Soda’s Top 5: Part 8
Our penultimate top 5 of the year is brought to you by our Content Co-ordinator, Jamie Heatly:
Top 5 films of the year
The Hurt Locker - Tense, bewildering and brilliant. Unravels war’s addictive brew of fear and testosterone.
Let The Right One In - Perfectly sparse, dark Scandinavian beauty.
3 Monkeys - Veiled crimes draw you into an intriguing, murky Istanbul.
Drag Me To Hell - Proper, entertaining, jumpy horror - Raimi doing what he does best.

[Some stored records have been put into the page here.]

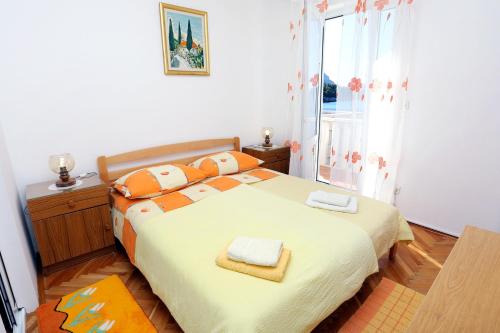 Photo #2 of Apartments by the sea Trstenik, Peljesac - 4570 in Trstenik, Croatia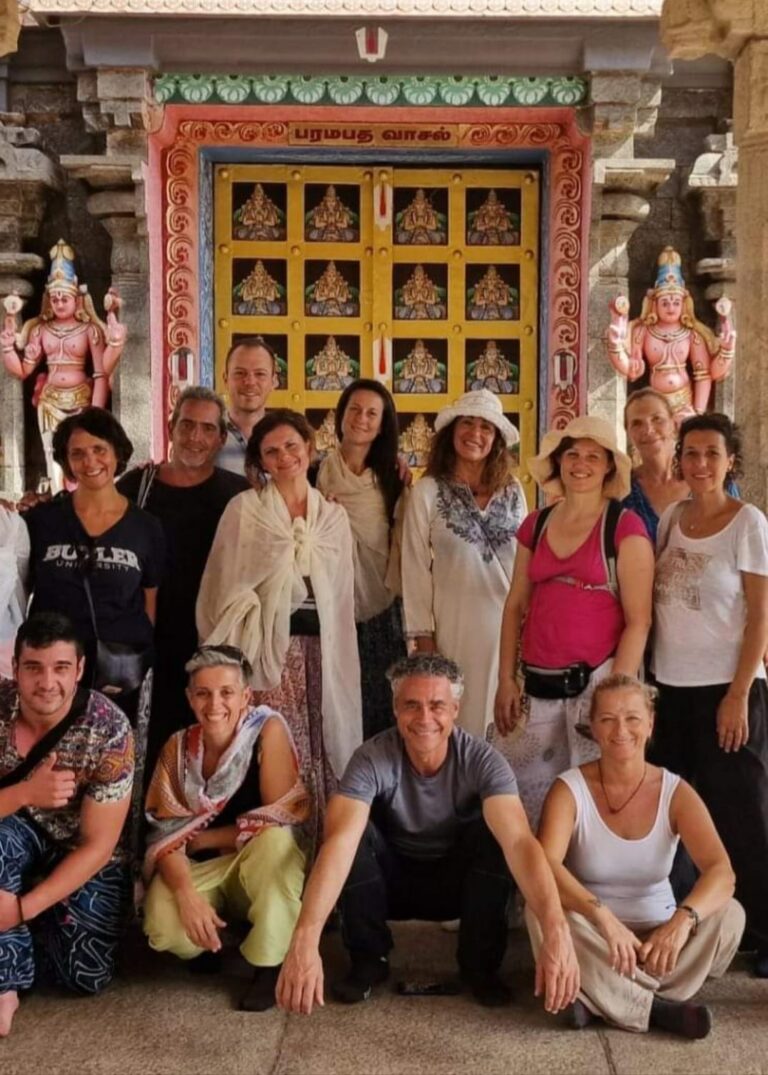 All'interno del tempio Sri Ranganathaswamy. Quella che sta alle nostre spalle è la leggendaria "Porta di Vaikuntha", o Porta del Paradiso, oltre la quale si trova il regno degli dei.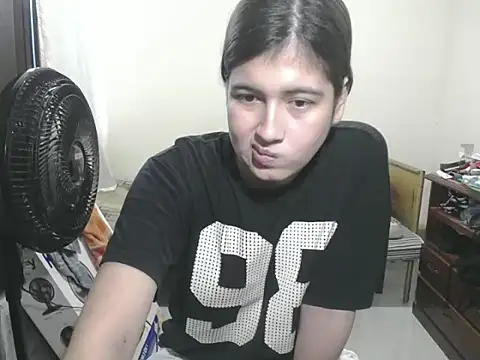 Snapshot of Mirage_Sertori chatting on December 3, 2025, 9:13 pm Mirage Sertori online show from December 3, 2025, 9:13 pm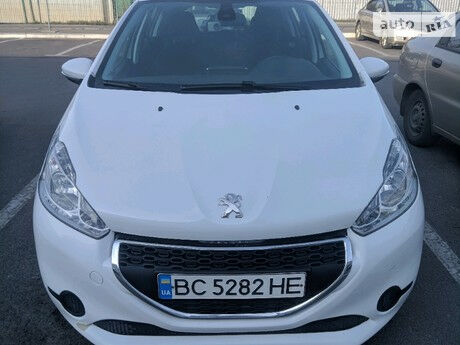 Peugeot 208 2013 року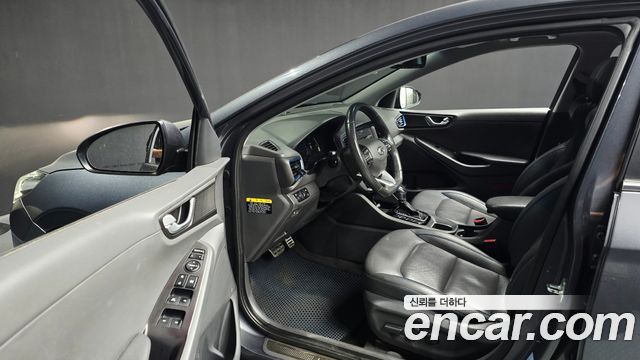 Hyundai Ioniq Hybrid Q 2016 — фото 10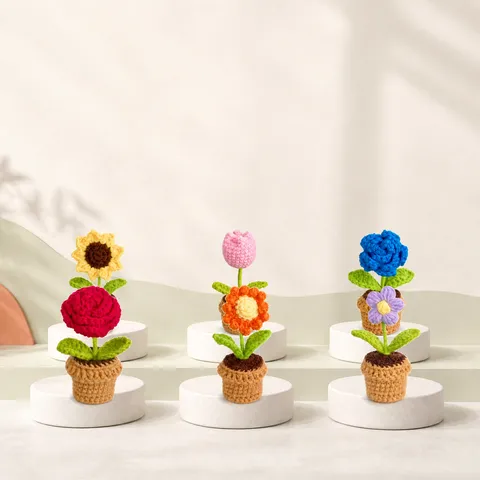 Handgemachte Häkel-Topfpflanze Süße Geklopfte Blume Sonnenblume Tulpe Rose Gänseblümchen Schreibtisch Dekor Künstliche Topfpflanzen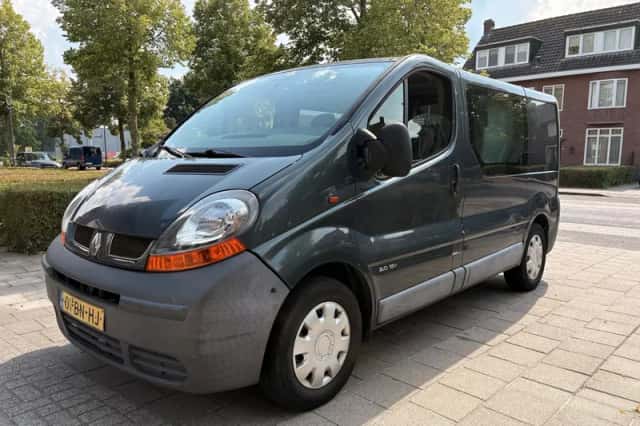 Renault Trafic (2004) thumbnail 1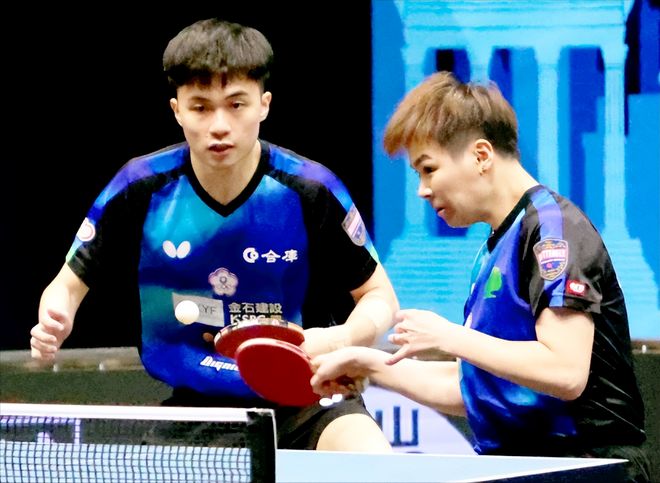 西在场上的 西在场上的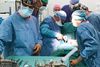 Водещ европейски кардиохирург демонстрира сложна оперативна техника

The Wrestler - Rourke is mesmerizing, and altogether honest, as a crumbling man coming round to a crumbling America

The Wrestler
Top Soda film of the year
Modern Life - Beautifully photographed, slow burning immersion into a fading rural existence…a bit like going back to Hereford for Christmas.
Top films of the decade
Gomorrah - A great de-glamourising, gutter-up look at Italian organised crime
There Will Be Blood - Jonny Greenwood’s amazing score envelops the film and perfectly unsettles the tone.
The Three Burials of Melquiades Estrada - A weary-eyed, dusty tale of pilgrimage and redemption down on the Mexican border. Nice.
Finding Nemo - Incredible…UP pales in comparison. One of the best kid’s films ever.

Finding Nemo
Mulholland Drive - Mysterious, stylish, masterful Lynch
The Man Who Wasn’t There - A favourite film. Stunningly shot, and wonderfully scripted - creates a thick, blackly comic atmosphere as only the Coens know how. Billy Bob Thornton puts in a superb laconic performance as the Barber and Scarlett Johansen shines as Birdy.
Silent Light - More transcendent work from Reygadas, and worth a watch for the opening shot alone.
Defining film of the decade
No Country For Old Men - Anton Chigurh as an unflinching, amoral force of nature ushering in a new age of terror, leaving the old lawmen blinking in the dust. Broody, bloody, witty desert brilliance.